Efraim Benmelech, professor de finanças da Kellogg School of Management e colaborador da Forbes, escreveu recentemente que a Unilever deveria vender a Ben & Jerry's, pois essa disputa incomum sugere que ela não se vê como parte da empresa, além de colocar em risco seus acionistas.
No início deste ano, especulava-se a possível venda de marcas como Ben & Jerry's ou Magnum, consideradas de crescimento lento, para que a Unilever pudesse melhorar sua oferta de 69 bilhões de dólares para a GSK Consumer Healthcare, divisão de consumo da britânica GlaxoSmithKline, rejeitada por estar abaixo das expectativas.

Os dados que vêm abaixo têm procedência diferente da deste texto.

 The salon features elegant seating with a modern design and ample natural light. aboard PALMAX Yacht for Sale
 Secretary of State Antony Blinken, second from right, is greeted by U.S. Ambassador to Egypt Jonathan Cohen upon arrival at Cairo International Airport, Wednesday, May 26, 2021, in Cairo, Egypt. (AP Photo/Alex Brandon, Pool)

A Unilever descartou tal possibilidade e vê a empresa como parte do grupo no longo prazo. A empresa questiona que sua subsidiária tenha desviado sua missão social para a geopolítica.
O caso se torna ainda mais interessante considerando o rumo que pode tomar quando a empresa de sorvetes entrar com uma ação emendada no final de setembro, conforme anunciado em uma carta enviada ao tribunal no início da semana passada. A resposta da Unilever deve ser dada em 1º de novembro, segundo a agência de notícias Reuters.
Também coloca na mesa a conveniência de que marcas com propósito podem ser adquiridas por empresas listadas em bolsa, dada a mobilidade de executivos que nelas ocorre.
A Ben & Jerry's, que produz as marcas Cherry Garcia e Chunky Monkey, entre outras, faturou US$ 1 bilhão em vendas pela primeira vez em 2021. Segundo a Reuters, esta é uma das 13 marcas a atingir esse marco na Unilever.
Outras causas que a empresa apoia são os direitos LGBTI+, o direito de asilo e a justiça climática.